Man with the Midas Touch

The songs in the film, especially Aaluma Dolumaa, have been a cracker for his fans who have been going berserk, shaking their legs to the hilt in the theatres.

Published: 02nd January 2016 10:00 PM  |   Last Updated: 02nd January 2016 12:32 PM   |  A+A-


Thala Ajith’s Vedalam has been declared a super hit and is still running to packed houses. The fact that it is said to be the highest box office opening for the actor should be saying a lot. But not so, says director ‘Siruthai’ Siva, confident that there is more to Ajith, such being the actor’s range and depth.

The songs in the film, especially Aaluma Dolumaa, have been a cracker for his fans who have been going berserk, shaking their legs to the hilt in the theatres.

MANA.jpgThree straight hits in his career since the debut movie Siruthai followed by Veeram and Vedalam have given an exalted status to Siva. Add two huge hits of Sowriyam and Santham with actor Gopichand in Telugu, and you get the most enviable and saleable director down south—Siva.

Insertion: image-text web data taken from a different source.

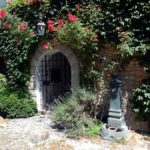 Fontanella d'acqua all'interno del borgo di Rivalta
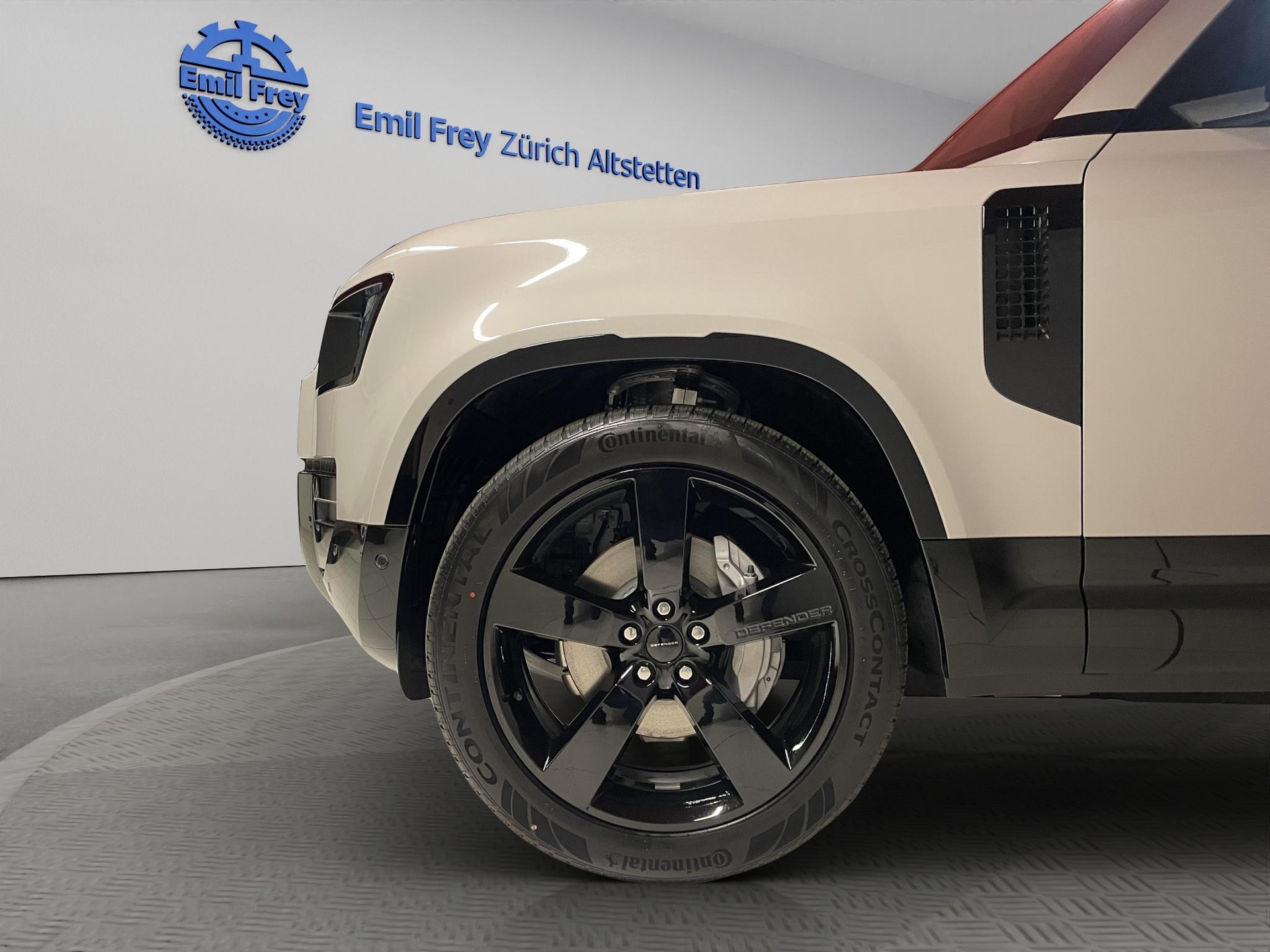 LAND ROVER Defender 110 2.0 P300e X-Dynamic SE (Plug-in Hybrid)-image-14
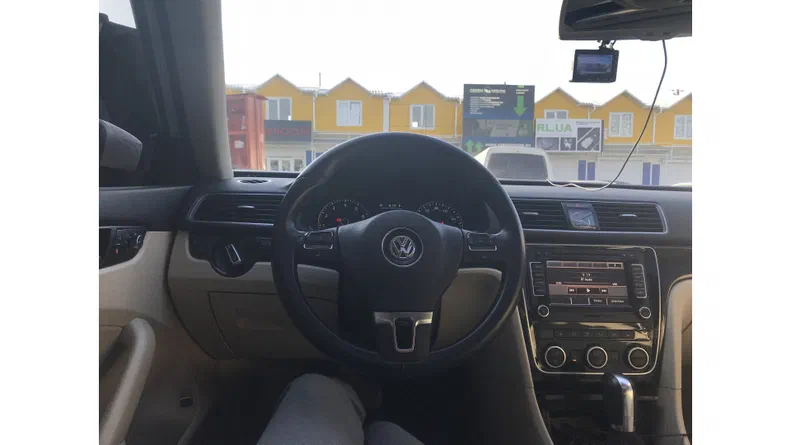 Volkswagen Passat 2013 - 9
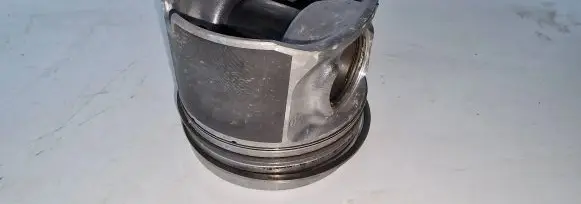 BMW 5 F10 F11 Piston 84L110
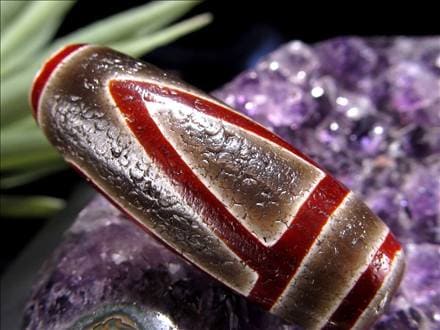 ◇流通量が少ない激レア品！◇最高級！馬蹄痕天珠◇黒鳶赤紋（くろとび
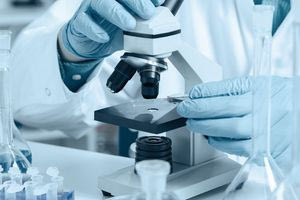 Τι λέει ο γιατρός που παρακολουθούσε το παιδί που γεννήθηκε από το σπέρμα του Δανού δότη και πέθανε από καρκίνο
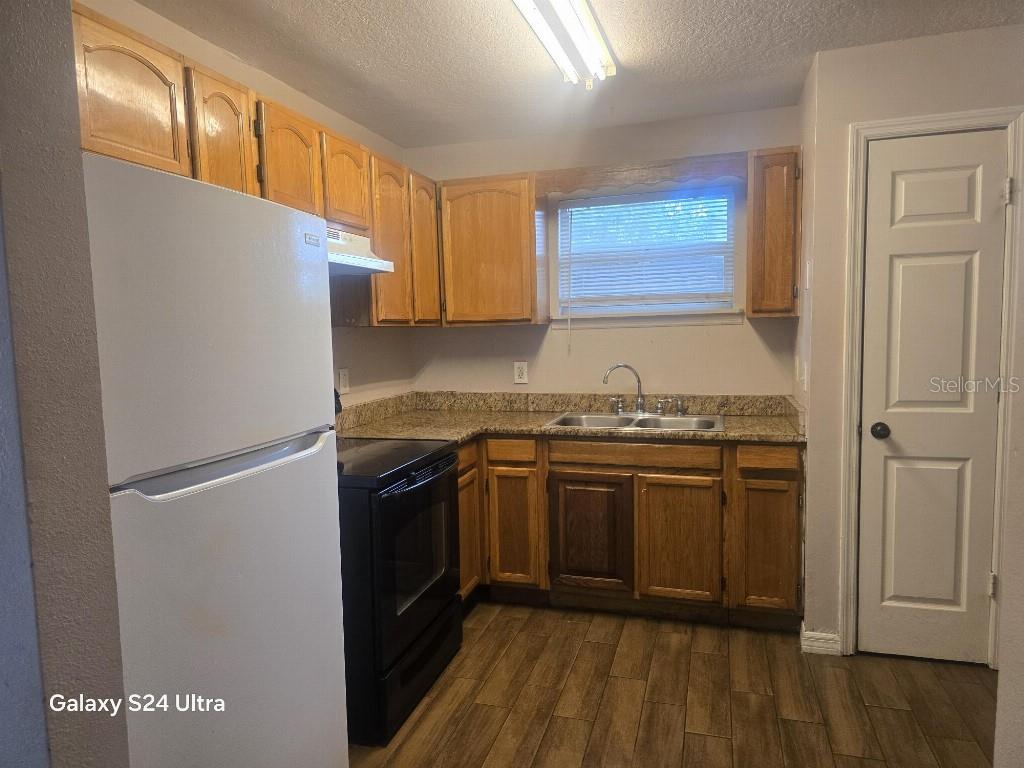 3109 REX AVENUE, DOVER, FL — photo 2 of 5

Acceding that he had expected Vedalam to be a crowd-puller, but not the kind which would set cash registers ringing overtime, Siva says it all boiled down to the confidence factor when Ajith entrusted the responsibility of the film  when the shoot of Veeram was in its infancy stage.

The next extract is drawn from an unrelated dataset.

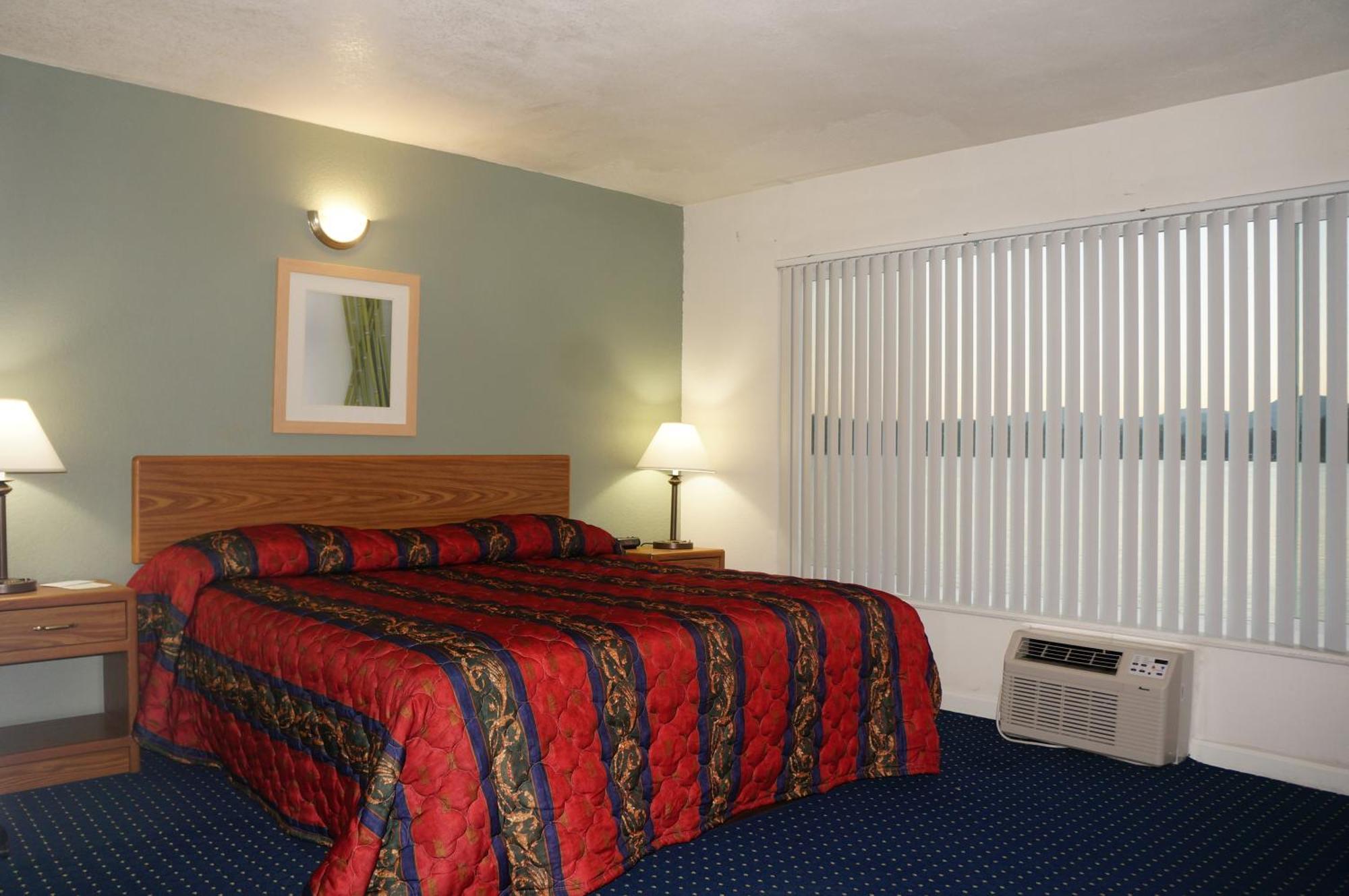 Lake Marina Inn Clearlake Oaks 객실 사진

Siva says he had mentally started working on the script long before Vedalam went on the floors. A family entertainer sans any double meaning entendre and projecting women in good light was piece-de-resistance. And what surprised Siva was women comprising a good chunk in the audience. “It was my ultimate joy, savouring the happy faces from close quarters, as one among the audience. The sheer ecstasy is a keepsake moment, something I will live with forever.”

Armed with a cinematography degree from the Adyar Film Institute, Siva says there was the burning desire to direct which was spotted by actor Nagarjuna during the making of a Telugu movie. “Though my first film as a director happened with Gopichand, I owe it to Nagarjuna for igniting in me the desire to direct.”

A gold medallist in cinematography and learning the ropes from famed lensman Jayanan Vincent, Siva did not see it apt to don the double hat of cinematography and direction. “I have had my fill, handling camera to my heart’s content. There are endless avenues for a director to make a kill, not just on the monetary aspect alone.”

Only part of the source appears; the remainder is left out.